Une de nos préoccupations importantes est la qualité de l'information dont disposent les gestionnaires du secteur public. À moins de l'améliorer, l'objectif de la fonction de contrôleur moderne restera imprécis. Permettez-moi de vous expliquer.
En vue de produire l'information que demande le Parlement, les gestionnaires du secteur public se doivent de disposer d'une information financière et non financière de qualité.
À la base, la fonction de contrôleur moderne a trait à la gestion des ressources publiques et au processus de décision. Et comment pouvez-vous gérer des ressources efficacement si vous ne savez pas de quelles ressources vous disposez?
Selon une de nos récentes vérifications, le gouvernement du Canada a investi plus de 600 millions de dollars dans la création de nouveaux systèmes financiers, de politiques financières et dans la formation.

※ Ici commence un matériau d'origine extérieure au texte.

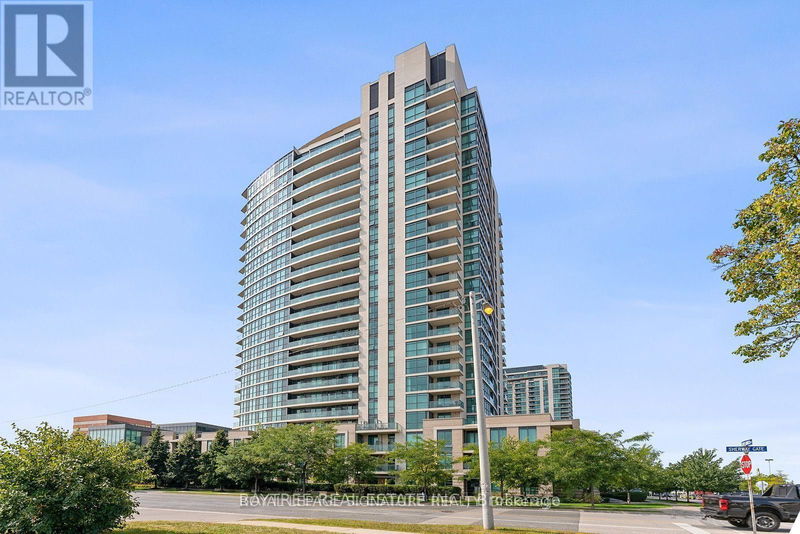  803 - 205 Sherway Gardens Road  Toronto (Islington-City Centre West), M9C0A5 | Image 32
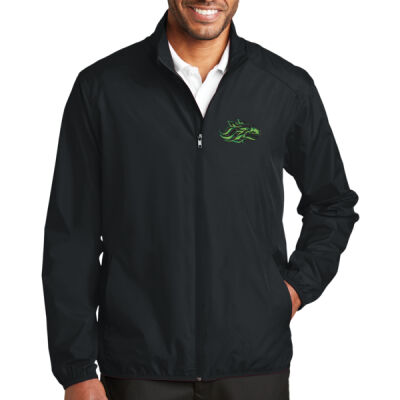 WCPA Wolves - Zephyr Full Zip Jacket Thumbnail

D'aucuns pourraient penser qu'avec des systèmes financiers de pointe, obtenir de l'information de qualité serait chose facile.
Détrompez-vous. Malgré les sommes importantes de deniers publics dépensés, il est encore difficile pour les gestionnaires du secteur public de connaître les coûts réels de leurs programmes. De nombreux gestionnaires se fient encore à leurs propres feuilles de travail ou leurs « livres maison » pour garder un suivi de l'information qu'ils ne peuvent obtenir des systèmes ministériels.
Dans d'autres cas, le système des ministères a l'information, mais les gestionnaires ont de la difficulté à y accéder. Les sous-ministres devraient pouvoir trouver les coûts de leurs principales activités d'un clic de la souris. Ils ne peuvent le faire.
Pas plus que le gouvernement peut nous dire avec certitude combien il lui en coûte pour mettre en place les projets importants qu'il défend.
Les contribuables canadiens en veulent davantage pour leur argent. Ils attendent des gestionnaires des programmes du fédéral qu'ils prennent leurs décisions à partir d'une information exacte et concrète, information qui refléterait les coûts réels de leurs programmes.
Ils attendent que leurs gestionnaires disposent de l'information financière requise avant de transférer ou de redistribuer les ressources.
Ils attendent que les gestionnaires du gouvernement sachent si l'argent du public est utilisé pour les fins auxquelles il est supposé servir.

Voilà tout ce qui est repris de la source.